A model is useful when it gets us adequately close to an informed understanding of something that we can then act on. But the question is always what it leaves out. The things you’re not considering as part of the equation tend to constrain your sense of the possible solutions to a problem.

The most common mental model of traffic

Traffic is the most common concern that people who aren’t deeply interested in the built environment have with the built environment. And the mental model that most people have in their head regarding traffic is utterly simple. It goes like this:

MORE DRIVERS → MORE TRAFFIC

What’s wrong with this model?

It’s not just that this model is wrong (though it is). All mental models are technically wrong. They’re shortcuts, and that’s why they’re helpful.

It’s also not that lots of people literally believe that traffic is a simple linear function of the number of drivers in your community, and there’s nothing else that goes into it or affects it. Rather, I’m saying lots of people’s gut reactions to traffic issues are based on the unconscious or conscious belief that the cause of traffic is “too many drivers on the roads.”

This model is unfortunate because it leads reasonable people to conclusions that are either hopeless or outright misanthropic.

If traffic really is a source of frustration in your life, it easily becomes a driver of reflexive NIMBYism: advocating for your community to pull up the drawbridge. “There are just too many people here now”; “we can’t handle any more development”; “we’re full”; etc. These assertions, which are incredibly easy to hear in the fast-growing and mostly suburban area where I live, are usually rooted in complaints about traffic.

We (understandably) resent sitting behind other people’s cars on the road, and we all-too-readily generalize that to resentment of the people themselves: How dare they want to live where we live, and be out doing the same things we do, for the same reasons! The stress of traffic turns us into misanthropes. But more pointedly, the incorrect, and often unconscious, belief that the cause of traffic is simply too many humans is what turns us into misanthropes.

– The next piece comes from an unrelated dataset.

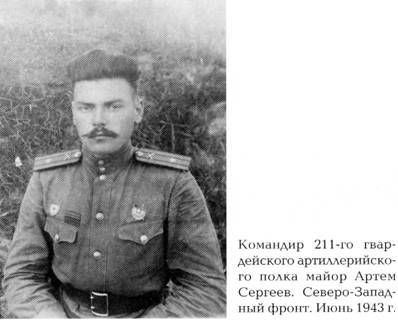 Как жил, работал и воспитывал детей И. В. Сталин. Свидетельства очевидца - i_043.jpg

Ever seen that meme: “You’re not in traffic; you are traffic”? It skewers the fundamental double standard at play here. But it still does nothing to offer a solution. “Just put up with it; it’s hopeless, and anyway, you’re part of the problem, too,” is the message.

I’ve talked to countless people who despair of a solution, all the while talking about the place we both live as though it’s some sort of despoiled former paradise. “It was so nice here before it got too crowded,” they say. “Now it takes forever to drive places.”

A (somewhat) more accurate mental model of traffic

So, the simplest possible model of what causes traffic problems leads to some pretty miserable conclusions. But another indictment of it is that it’s plainly wrong in terms of how it describes the world. If it were accurate, congestion would correlate almost perfectly with population density. But it doesn’t. In fact, rush hour in the spread-out suburbs of Houston, Atlanta, or Denver is often worse than in the core neighborhoods of older Northeastern and Midwestern cities that are three to six times more densely populated.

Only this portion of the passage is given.